Ao mesmo tempo em que foram unânimes em elogiar a iniciativa
e também a forma como o programa vem sendo conduzido, existe um quase consenso
de que o governo turbinou a lista apresentada agora motivado pela dupla
necessidade de produzir um fato político positivo e obter receitas adicionais
para conter o rombo fiscal de 2018.
Alguns viram a lista como um reempacotamento de anúncios
anteriores com alguns acréscimos, enquanto outros avaliam que projetos muito
incipientes foram incluídos para encorpar o PPI. “Existe um receio de que,
por questões políticas, o governo acelere demais o programa e faça estudos
precários”, disse um executivo.
De acordo com uma fonte que tem participado de conversas com
integrantes do PPI, já se aventou a possibilidade de fazer o estudo de viabilidade
para rodovias e novos aeroportos por meio do chamado PMI, ou procedimento de
manifestação de interesse.

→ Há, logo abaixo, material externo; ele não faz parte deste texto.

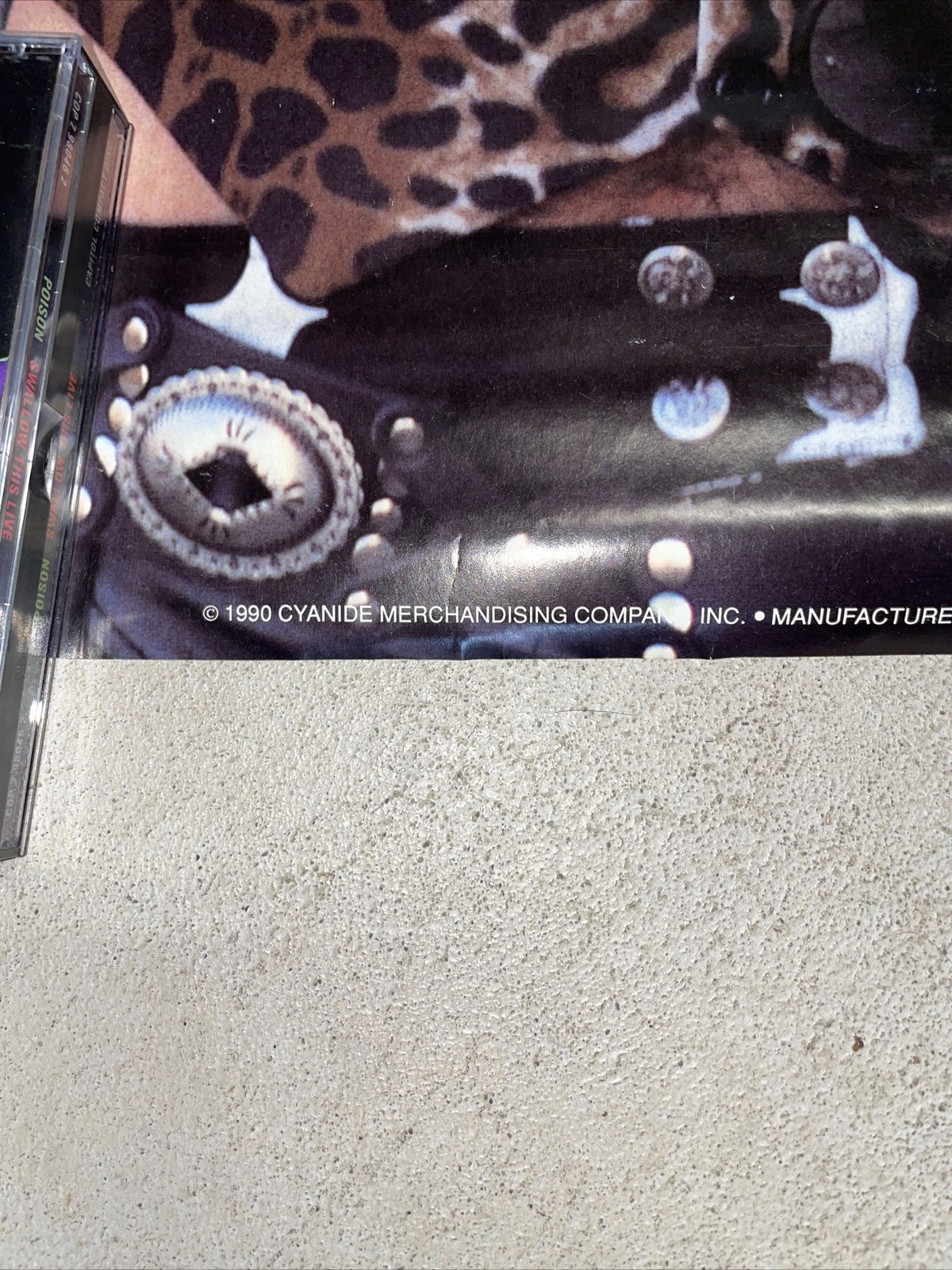 bret michaels brokum poster poison vintage poster plastic sleeve 1990 unused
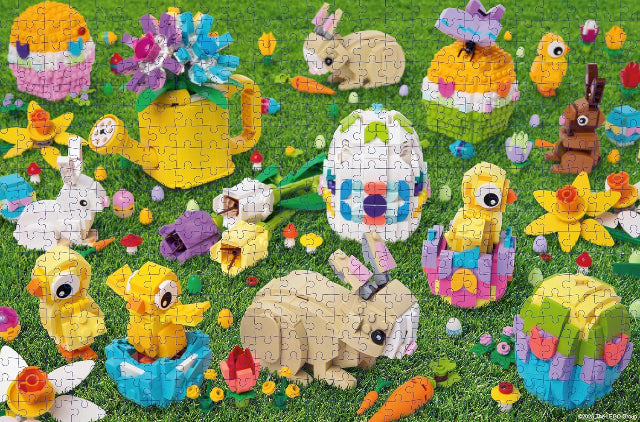 LEGO Puzzle Easter Egg Hunt, 500 Piece - Treasure Island Toys
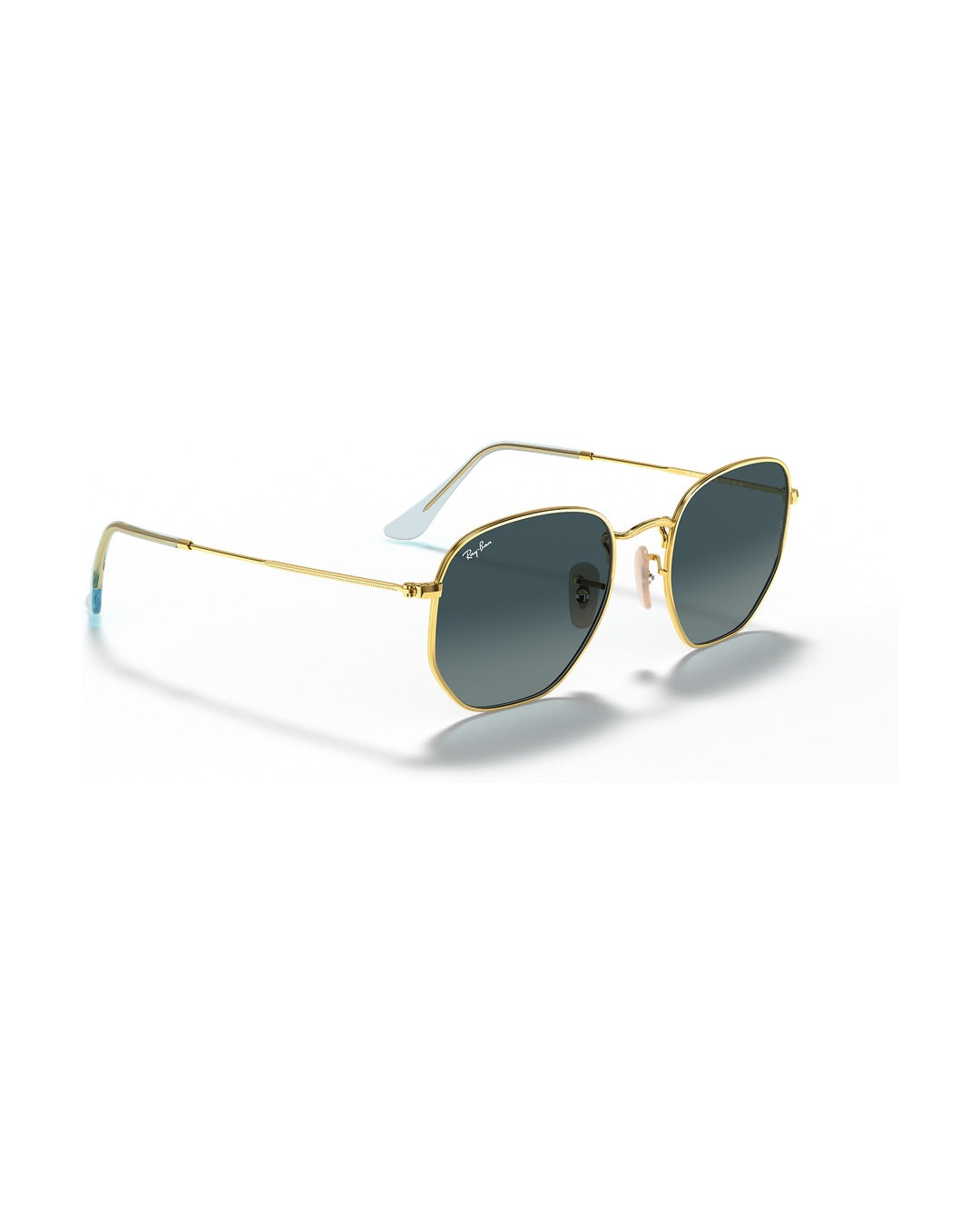Hexagonal Sunglasses - Arista Gold/Solid Color - Ray-Ban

No PMI, empresas interessadas em determinados ativos
se responsabilizam pelo estudo de viabilidade, o que torna a modelagem da venda
mais célere. “O problema é que isso foi muito usado no passado e carrega
um conflito de interesse muito grande, afastando compradores e financiadores
mais técnicos.”
“Qualquer política que promova a expansão da presença
da iniciativa privada é meritória. Porém, realmente importante é qual a
modelagem dos leilões e se estão efetivamente calibrados para atrair o setor
privado”, diz Luís Felipe Valerim Pinheiro, sócio do VPBG Advogados. Para
Bruno Werneck, sócio da área de infraestrutura do Mattos Filho, a viabilidade
dos projetos não é algo que preocupa já que, em uma primeira olhada, os ativos
de infraestrutura, como os aeroportos e as rodovias, são atrativos.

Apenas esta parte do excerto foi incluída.